Phase II year
2021
(last award dollars: 1685280501)
Vescent Photonics in collaboration with ColdQuanta proposes to design, build, and deliver a portable atomic clock capable of meeting the Armys requirements for frequency stability as well as size, weight, and power (SWaP). The proposed Cold Optical Rubidium Atomic Frequency Standard (CORAFS) will provide a precision timing and frequency reference for deployment on mobile platforms, where it is uniquely qualified to synchronize advanced communications networks and enable assured positioning, navigation, and timing in GPS-denied environments. CORAFS improves upon existing cold atom microwave clocks by interrogating the two-photon optical clock transition at 778 nm in a cold sample of rubidium (Rb) atoms to achieve a higher quality factor, and hence better stability, than afforded by probing the conventional microwave clock transition. Hot vapor-cell-based optical clocks based on the two-photon Rb clock transition have previously been demonstrated and validated by the AFRL to have instabilities of <4e-13 in one second.

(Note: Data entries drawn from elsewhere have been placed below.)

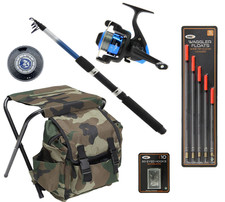 Complete fishing kit - complete,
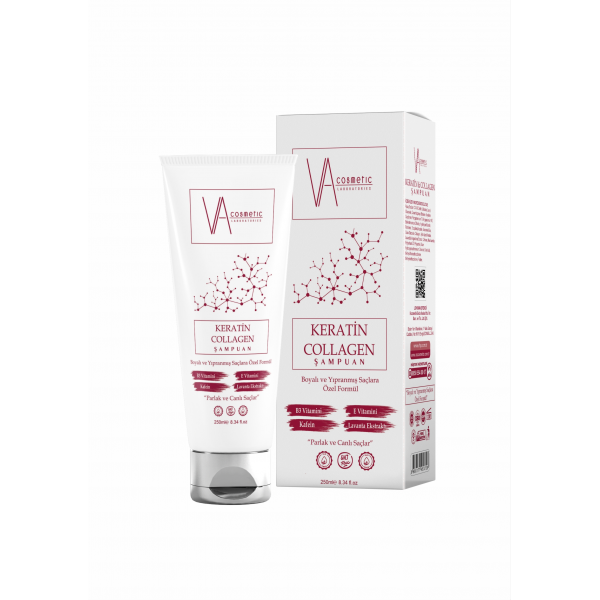 VA COSMETIC KERATİN COLLAGEN ŞAMPUAN 250 ML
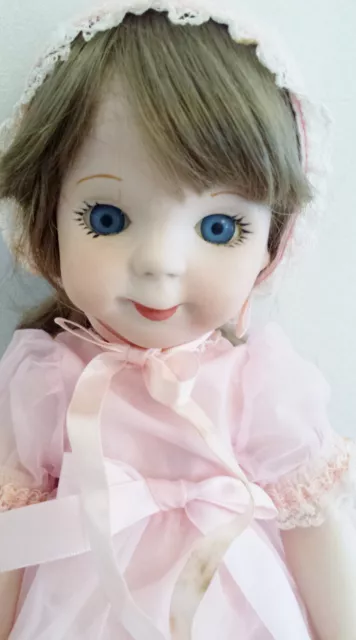 CISSY Sissy Collectible 15" Porcelain Jointed Doll Marjorie Spangler Limited Ed.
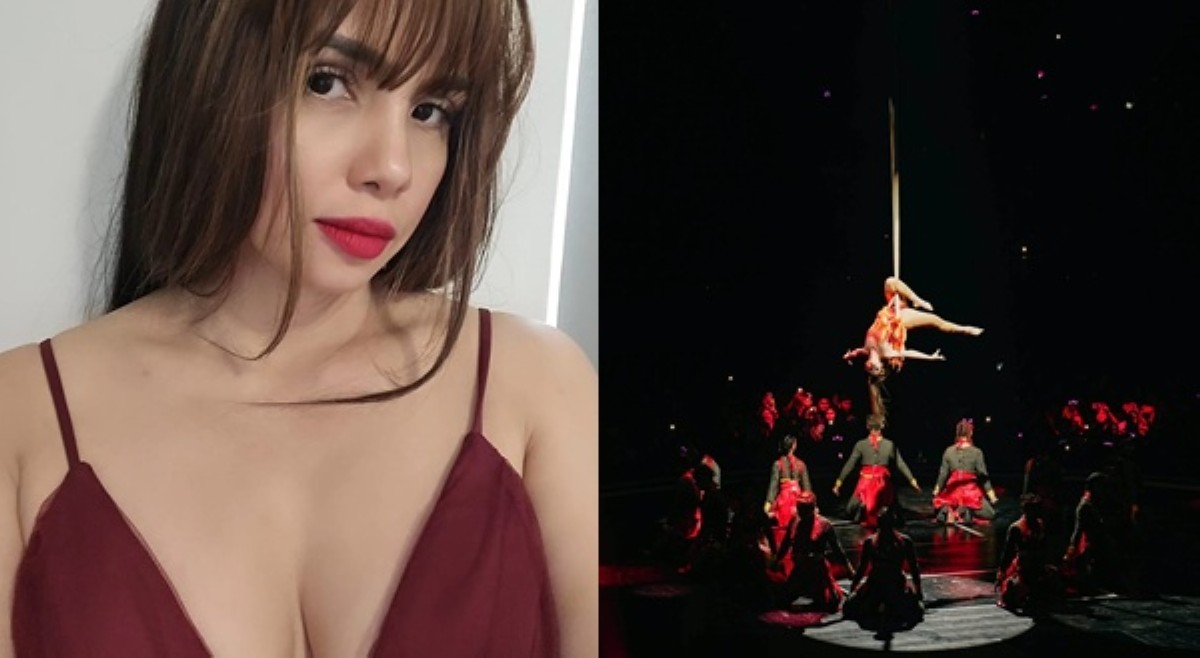 Pinalaki ng SexBomb para lumaban: Aira Bermudez, naaksidente sa buwis-buhay performance!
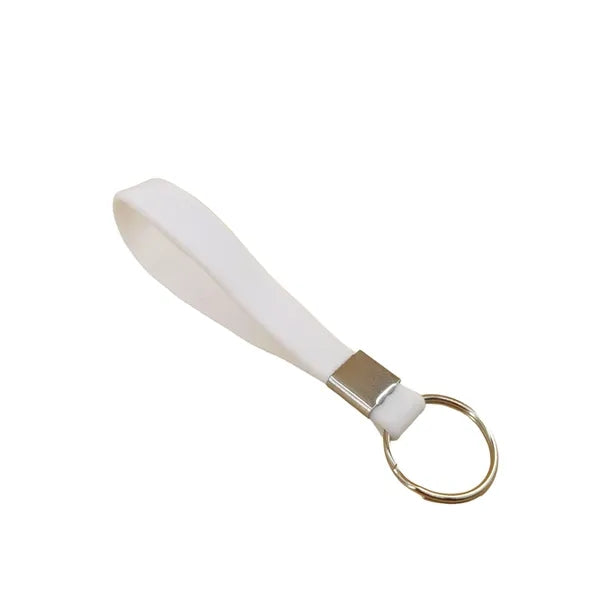 Multi-functional Silicone Keychain Wristband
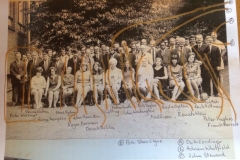 001 Kynaston Teacher Group 1969, Final Pre-merger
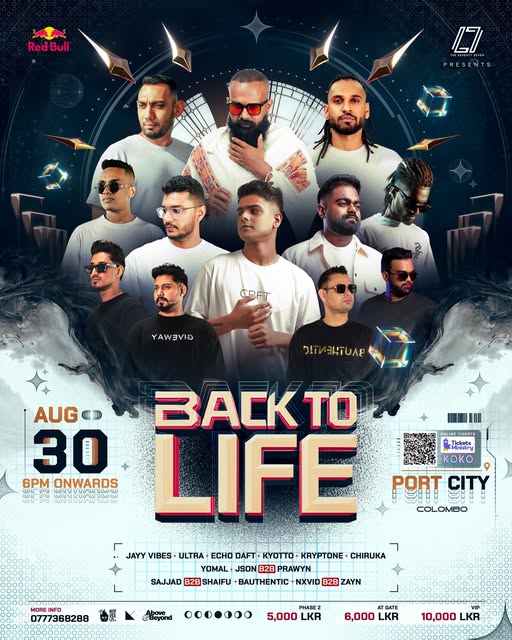 BACK TO LIFE BY 77EPISODES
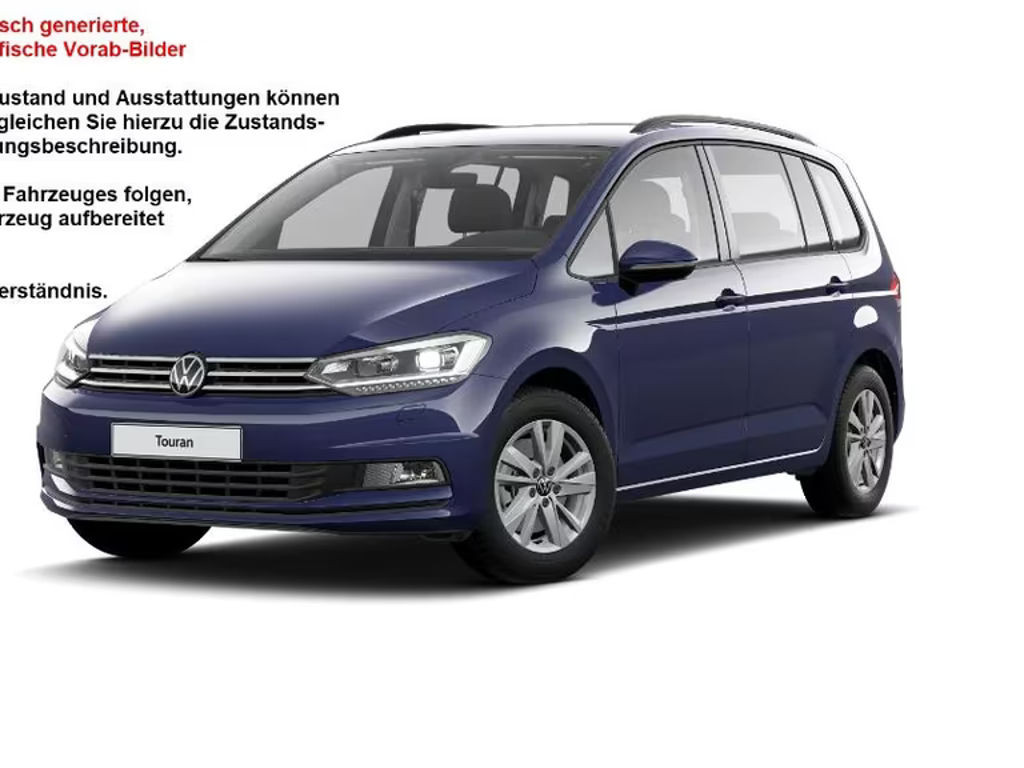 Volkswagen Touran Comfortline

Further improvements to this clock can be made by probing a cold atom sample rather than a hot vapor, but, until recently, the requisite technologies for realizing a fieldable cold-atom optical clock were not mature enough to meet requirements for operational reliability and size, weight, and power (SWaP). Technology and product development efforts by both Vescent and ColdQuanta have significantly evolved the critical infrastructure needed for bringing cold-atom optical clocks from the laboratory to the field. For instance, Vescent has already commercially developed and demonstrated the necessary low-SWaP laser systems critical to CORAFS, namely the optical frequency comb and the trapping/cooling lasers, and ColdQuanta, a recognized leader in compact integrated systems for cold matter applications, has proven expertise in building ruggedized ultracold Rb physics packages for atomic clocks. For this development effort, the two companies will bring together highly skilled experts in cold-atom and optical clocks to integrate their existing component technologies into a novel portable atomic clock that is capable of <3e-13 fractional instability in 1 second and reaching an expected flicker floor at <1e-14 instability.